Visible to the public EAGER: Exploring the Feasibility of Phoneme Sound Origins to Enhance Mobile AuthenticationConflict Detection Enabled

Project Details

Lead PI

Performance Period

Aug 01, 2018 - Jul 31, 2020


Florida State University

Award Number

Using mobile devices to authenticate a person's identity, both for access to the device itself and as a platform for verifying access to other nearby devices, is an important problem to address in building secure and private computing systems. This proposal seeks to improve voice recognition as an authentication tool by developing physical models of people's vocal tracts that uniquely affect how individual people produce sounds.
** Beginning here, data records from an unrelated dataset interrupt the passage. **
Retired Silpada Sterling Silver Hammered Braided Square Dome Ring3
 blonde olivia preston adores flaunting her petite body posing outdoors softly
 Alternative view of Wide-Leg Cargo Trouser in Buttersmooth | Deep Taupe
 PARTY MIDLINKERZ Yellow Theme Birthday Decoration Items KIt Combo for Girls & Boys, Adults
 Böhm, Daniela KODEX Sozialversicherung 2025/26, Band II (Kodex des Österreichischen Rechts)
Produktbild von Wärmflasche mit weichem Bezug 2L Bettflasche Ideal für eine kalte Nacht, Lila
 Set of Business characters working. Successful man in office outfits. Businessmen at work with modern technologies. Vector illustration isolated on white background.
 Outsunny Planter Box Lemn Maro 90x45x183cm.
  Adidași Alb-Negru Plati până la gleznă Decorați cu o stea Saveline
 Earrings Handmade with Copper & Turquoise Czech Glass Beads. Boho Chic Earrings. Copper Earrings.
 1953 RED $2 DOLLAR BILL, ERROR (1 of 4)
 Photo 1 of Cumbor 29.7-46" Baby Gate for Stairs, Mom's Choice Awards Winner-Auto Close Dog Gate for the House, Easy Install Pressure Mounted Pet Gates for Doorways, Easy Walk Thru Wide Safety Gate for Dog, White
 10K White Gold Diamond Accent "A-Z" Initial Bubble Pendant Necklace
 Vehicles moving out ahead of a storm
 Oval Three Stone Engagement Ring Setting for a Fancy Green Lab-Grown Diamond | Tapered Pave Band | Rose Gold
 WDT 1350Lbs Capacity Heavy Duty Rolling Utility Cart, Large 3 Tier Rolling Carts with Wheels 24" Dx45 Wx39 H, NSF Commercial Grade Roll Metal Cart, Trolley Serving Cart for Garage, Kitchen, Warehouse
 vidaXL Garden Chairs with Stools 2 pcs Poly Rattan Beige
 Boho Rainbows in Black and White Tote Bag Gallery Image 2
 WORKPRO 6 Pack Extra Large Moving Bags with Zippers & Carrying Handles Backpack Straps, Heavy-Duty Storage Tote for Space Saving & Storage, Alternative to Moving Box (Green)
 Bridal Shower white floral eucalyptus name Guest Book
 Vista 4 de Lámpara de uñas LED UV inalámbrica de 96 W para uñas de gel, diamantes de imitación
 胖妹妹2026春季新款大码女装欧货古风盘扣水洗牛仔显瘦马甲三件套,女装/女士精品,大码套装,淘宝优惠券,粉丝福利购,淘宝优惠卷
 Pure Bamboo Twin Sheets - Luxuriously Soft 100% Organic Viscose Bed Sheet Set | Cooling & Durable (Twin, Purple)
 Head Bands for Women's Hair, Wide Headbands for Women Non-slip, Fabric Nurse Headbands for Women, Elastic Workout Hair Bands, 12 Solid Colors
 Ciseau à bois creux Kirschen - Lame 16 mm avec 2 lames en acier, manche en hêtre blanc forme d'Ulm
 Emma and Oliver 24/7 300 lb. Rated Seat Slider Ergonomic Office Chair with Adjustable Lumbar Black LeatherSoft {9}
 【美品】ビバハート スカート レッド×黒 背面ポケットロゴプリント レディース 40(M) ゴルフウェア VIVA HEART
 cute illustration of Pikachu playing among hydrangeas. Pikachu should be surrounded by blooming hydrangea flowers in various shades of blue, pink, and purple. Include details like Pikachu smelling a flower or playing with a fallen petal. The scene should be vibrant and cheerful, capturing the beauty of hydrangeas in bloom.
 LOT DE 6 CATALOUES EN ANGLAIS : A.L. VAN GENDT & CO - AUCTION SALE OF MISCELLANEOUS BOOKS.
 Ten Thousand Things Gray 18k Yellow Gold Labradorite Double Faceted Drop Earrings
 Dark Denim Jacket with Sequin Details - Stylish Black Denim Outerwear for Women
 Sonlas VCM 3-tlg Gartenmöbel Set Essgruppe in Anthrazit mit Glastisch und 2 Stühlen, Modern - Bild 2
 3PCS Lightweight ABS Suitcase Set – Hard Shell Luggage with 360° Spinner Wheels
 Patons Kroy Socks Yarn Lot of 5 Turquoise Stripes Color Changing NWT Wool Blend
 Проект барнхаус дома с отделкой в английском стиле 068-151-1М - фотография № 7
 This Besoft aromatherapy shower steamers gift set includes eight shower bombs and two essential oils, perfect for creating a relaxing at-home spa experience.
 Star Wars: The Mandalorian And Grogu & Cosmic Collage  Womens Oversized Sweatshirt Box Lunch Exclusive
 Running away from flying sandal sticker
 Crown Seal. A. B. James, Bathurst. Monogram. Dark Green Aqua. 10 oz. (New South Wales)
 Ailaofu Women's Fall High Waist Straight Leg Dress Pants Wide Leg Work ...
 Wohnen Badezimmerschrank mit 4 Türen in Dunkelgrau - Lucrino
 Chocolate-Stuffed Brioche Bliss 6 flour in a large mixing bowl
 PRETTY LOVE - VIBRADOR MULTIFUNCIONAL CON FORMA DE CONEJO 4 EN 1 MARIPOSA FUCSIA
These novel biometric traits will be captured and inferred using a variety of sensors that are present on many mobile devices, and studied for their potential to both uniquely identify individuals and be practically used in real contexts. The work also includes systematic studies of how differences in device characteristics, user behavior, and users' physical state (for instance, having a cold) affect both voice production and the ability to model it and use it as a biometric identifier, and how methods for inferring voice characteristics can account for these differences. The work will lead to scientific contributions to both the science of voice production and more general questions about leveraging unique characteristics of physical systems, potential practical applications in authentication, and opportunities to support both undergraduate and graduate education.

The proposed research demonstrates how human physiology and mobile sensing can be explored to enhance mobile authentication. The work around modeling physical voice production will focus on modeling the phoneme sound origin for different sounds from different places in the human vocal tract. These differences in individual physiology are analogous to similar ideas that use small variations in the physical characteristics of computing devices to generate a unique hardware-based signature for each device. They will be sensed through signal processing algorithms that leverage time differences in sound capture from multiple microphones and be evaluated both individually and in combination with other biometric features on the quality of authentication as measured by error rates across datasets of different sizes. The next phase of the work will examine how the context of capture affects the biometric quality. These include the microphone placement and audio chipset and sampling rates of a variety of devices; aspects of a person's grip and interaction with the device and its relative location to their mouth, as well as their posture and motion; and aspects of their physiological (i.e., sickness) and psychological state (through standard techniques for eliciting emotion through video). Finally, to address the problem of adapting models across contexts, the project team will develop techniques to sense pose, distance, and emotional state, as well as evaluate the potential to leverage statistical learning methods well-suited to relative rather than absolute data values such as correlation analysis and Gaussian Mixture Models to address these contextual variations.